Induction/orientation etc: We were
orientated by an organisation on culture, language, security and all these
things. Africa time is great, we take it slow and settle in. Nothing too
strenuous. Plenty of naps. Lots of warnings about safety here, mixed in with
chat about how friendly everyone is. A favourite was; “Ghanaians are known for
being incredibly friendly” followed by “Don’t smile at anyone here or you will
get raped”. So I guess you meet somewhere in the middle and use your worldly judgment.
Some places already visited:
Accra: Ghana’s
capital. A busy city with plenty of people and street sellers everywhere. It’s surprisingly
clean and the roads are *shock-horror* good and the road rules are generally
followed. The cars/taxis are falling apart at best, but get you from A to B, and
getting on a Tro Tro (basically a mini-van that acts as a bus) doesn’t
necessarily mean there will be a floor.
Kakum: A big
National Park 5 hours by road away from Accra with plenty of animals,
rainforest and tourists. Lined up like a theme park ride for the canopy walk,
you wait your turn while the school children yell out, scaring away any of said
wildlife. The walk is a giant suspension bridge, one person wide. I took a
small child with me to meet his dad (his mum was too scared to go on the walk)

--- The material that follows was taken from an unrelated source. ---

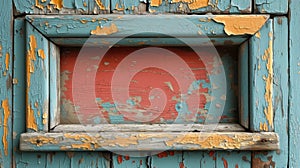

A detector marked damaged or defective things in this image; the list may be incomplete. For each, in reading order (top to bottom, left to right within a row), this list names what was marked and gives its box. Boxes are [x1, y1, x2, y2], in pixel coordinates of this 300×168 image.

and it was great to see it from a child’s perspective. You’re just so small,
everything is overwhelming. The walk is among the rainforest canopy so you look
down on the forest below. I saw 2 butterflies… that may have been moths. But it
was a great experience.
Cape Coast: This
is a seaside fishing town that was once the centre of Ghana (then, the Gold
Coast). Where all the trade with other countries and traders happened.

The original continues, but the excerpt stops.